Thought I would never end this one. And I wanted it for this poem in particular.
If you never listened to good, tragic, existential poems/lyrics of tango, then you can't know how close to that art this poem is. As Milton have seen, and Proust, and Borges, and all the high art, there's no other kind of paradise than the paradise lost... and the sky, in tango music is a symbol of our collective future.
On a certain day in the blue-moon month of September
Beneath a young plum tree, quietly
I held her there, my quiet, pale beloved
In my arms just like a graceful dream.
And over us in the beautiful summer sky
There was a cloud on which my gaze rested
It was very white and so immensely high
And when I looked up, it had disappeared.
Since that day many, many months
Have quietly floated down and past.
No doubt the plum trees were chopped down
And you ask me: what's happened to my love?
So I answer you: I can't remember.
And still, of course, I know what you mean
But I honestly can't recollect her face
I just know: there was a time I kissed it.
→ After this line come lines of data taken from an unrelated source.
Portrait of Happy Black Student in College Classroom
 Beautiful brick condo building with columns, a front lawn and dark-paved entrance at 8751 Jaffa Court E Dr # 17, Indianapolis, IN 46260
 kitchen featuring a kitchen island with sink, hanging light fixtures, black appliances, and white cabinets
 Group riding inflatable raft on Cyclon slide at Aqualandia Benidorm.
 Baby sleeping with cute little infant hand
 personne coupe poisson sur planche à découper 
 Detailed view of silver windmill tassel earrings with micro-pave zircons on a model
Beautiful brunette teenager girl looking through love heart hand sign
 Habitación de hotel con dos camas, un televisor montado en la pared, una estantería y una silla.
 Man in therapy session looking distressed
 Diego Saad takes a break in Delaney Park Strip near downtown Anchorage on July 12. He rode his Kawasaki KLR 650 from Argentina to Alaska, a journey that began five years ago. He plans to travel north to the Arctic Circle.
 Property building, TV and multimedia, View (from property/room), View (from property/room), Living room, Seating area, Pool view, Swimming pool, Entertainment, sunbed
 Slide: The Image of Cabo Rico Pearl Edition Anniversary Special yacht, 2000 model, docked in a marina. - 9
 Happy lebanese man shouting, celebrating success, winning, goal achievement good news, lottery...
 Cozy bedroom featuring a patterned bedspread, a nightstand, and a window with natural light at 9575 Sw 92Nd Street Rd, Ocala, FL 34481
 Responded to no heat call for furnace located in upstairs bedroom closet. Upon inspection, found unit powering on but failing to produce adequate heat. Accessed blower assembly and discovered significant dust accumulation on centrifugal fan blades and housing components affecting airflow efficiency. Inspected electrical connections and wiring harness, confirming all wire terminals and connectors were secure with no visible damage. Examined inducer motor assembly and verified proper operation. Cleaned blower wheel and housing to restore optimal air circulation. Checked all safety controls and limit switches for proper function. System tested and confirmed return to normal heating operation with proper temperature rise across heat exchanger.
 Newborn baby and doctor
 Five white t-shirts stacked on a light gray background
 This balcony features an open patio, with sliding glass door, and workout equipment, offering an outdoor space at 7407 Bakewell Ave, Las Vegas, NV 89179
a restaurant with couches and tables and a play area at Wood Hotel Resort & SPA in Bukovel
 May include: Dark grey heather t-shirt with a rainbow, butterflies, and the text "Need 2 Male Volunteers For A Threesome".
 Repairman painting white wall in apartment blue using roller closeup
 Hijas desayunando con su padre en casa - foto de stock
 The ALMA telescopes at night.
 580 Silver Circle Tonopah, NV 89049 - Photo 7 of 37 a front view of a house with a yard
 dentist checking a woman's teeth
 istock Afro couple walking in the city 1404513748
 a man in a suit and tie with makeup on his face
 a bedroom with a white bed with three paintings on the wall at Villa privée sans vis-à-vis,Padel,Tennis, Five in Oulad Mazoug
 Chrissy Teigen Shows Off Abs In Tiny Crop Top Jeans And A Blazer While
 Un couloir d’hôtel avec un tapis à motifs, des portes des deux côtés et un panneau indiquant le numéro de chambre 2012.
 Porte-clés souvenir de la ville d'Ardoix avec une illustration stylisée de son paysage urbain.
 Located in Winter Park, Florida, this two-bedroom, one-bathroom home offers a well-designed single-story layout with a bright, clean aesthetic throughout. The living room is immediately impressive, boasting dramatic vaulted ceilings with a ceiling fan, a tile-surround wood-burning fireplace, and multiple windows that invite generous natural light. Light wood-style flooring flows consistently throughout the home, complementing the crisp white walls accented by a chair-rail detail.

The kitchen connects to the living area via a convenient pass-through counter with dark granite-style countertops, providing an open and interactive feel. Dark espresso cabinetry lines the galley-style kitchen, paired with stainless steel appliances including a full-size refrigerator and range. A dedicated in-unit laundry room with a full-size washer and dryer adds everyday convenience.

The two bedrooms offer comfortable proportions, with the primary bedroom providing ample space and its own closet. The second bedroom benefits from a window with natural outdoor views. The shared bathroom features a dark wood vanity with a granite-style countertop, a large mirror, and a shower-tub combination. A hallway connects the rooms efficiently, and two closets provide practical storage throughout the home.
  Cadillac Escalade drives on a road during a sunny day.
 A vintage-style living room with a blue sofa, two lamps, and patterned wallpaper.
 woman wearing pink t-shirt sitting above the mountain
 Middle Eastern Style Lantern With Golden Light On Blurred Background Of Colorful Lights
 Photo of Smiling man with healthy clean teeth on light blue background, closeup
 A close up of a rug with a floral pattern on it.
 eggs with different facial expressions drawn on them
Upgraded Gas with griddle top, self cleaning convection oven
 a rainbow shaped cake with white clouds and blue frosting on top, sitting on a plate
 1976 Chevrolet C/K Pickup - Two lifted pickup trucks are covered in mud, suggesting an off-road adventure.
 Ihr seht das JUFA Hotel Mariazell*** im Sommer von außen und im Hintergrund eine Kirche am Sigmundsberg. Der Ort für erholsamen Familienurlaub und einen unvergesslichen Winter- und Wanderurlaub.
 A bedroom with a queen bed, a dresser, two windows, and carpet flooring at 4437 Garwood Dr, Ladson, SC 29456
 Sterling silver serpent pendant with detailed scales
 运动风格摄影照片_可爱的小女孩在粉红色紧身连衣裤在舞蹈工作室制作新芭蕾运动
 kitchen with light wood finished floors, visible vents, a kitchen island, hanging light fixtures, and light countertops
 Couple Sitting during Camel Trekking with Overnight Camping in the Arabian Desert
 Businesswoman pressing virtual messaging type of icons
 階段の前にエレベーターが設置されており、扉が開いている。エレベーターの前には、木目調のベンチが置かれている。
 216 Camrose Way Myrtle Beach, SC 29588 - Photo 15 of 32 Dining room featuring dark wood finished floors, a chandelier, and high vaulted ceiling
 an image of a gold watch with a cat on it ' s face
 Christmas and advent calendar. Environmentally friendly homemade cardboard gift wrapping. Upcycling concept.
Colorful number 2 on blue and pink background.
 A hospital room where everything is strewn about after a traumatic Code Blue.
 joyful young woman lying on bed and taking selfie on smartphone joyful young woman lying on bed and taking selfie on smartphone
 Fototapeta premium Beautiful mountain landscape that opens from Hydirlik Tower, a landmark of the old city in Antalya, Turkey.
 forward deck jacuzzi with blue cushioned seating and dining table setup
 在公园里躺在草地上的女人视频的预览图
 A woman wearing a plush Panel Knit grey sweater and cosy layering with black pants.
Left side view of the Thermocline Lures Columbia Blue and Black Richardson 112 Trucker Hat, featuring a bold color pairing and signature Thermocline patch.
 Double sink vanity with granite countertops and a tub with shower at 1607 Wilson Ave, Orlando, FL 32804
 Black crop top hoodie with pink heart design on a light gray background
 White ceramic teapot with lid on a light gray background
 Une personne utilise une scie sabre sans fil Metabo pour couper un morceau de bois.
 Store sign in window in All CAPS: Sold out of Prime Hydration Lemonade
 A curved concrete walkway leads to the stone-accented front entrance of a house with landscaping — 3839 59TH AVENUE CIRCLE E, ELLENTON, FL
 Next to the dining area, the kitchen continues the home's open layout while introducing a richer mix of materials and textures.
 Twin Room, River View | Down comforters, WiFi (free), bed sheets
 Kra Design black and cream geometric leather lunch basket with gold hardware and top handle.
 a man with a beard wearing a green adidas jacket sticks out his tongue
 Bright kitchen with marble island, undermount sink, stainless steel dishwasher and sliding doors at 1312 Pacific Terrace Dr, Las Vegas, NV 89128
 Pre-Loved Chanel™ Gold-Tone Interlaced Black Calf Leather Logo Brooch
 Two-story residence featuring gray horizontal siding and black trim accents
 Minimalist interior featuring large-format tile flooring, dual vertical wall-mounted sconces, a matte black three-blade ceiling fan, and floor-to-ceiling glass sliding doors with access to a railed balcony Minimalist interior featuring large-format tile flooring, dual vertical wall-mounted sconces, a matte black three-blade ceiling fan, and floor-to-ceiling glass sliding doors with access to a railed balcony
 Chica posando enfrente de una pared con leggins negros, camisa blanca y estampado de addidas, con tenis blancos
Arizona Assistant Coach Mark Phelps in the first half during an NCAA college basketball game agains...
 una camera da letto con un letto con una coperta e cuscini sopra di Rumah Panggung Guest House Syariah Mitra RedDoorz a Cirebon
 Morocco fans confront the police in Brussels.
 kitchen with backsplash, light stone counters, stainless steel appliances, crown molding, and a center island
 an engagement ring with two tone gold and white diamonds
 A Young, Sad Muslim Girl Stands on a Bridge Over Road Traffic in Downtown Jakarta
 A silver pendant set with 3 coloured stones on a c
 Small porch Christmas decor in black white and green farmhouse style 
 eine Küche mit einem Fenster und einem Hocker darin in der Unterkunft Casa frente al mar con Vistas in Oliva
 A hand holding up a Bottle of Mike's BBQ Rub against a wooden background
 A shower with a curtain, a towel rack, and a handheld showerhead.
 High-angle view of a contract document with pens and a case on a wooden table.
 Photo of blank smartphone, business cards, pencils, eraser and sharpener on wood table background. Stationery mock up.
And that kiss too I would have long forgotten
Had not the cloud been present there
That I still know and always will remember
It was so white and came from on high.
Perhaps those plum trees still bloom
And that woman now may have had her seventh child
But that cloud blossomed just a few minutes
And when I looked up, it had disappeared in the wind.
Bertolt Brecht, "Remembrances of Marie A.", on Manual of Piety.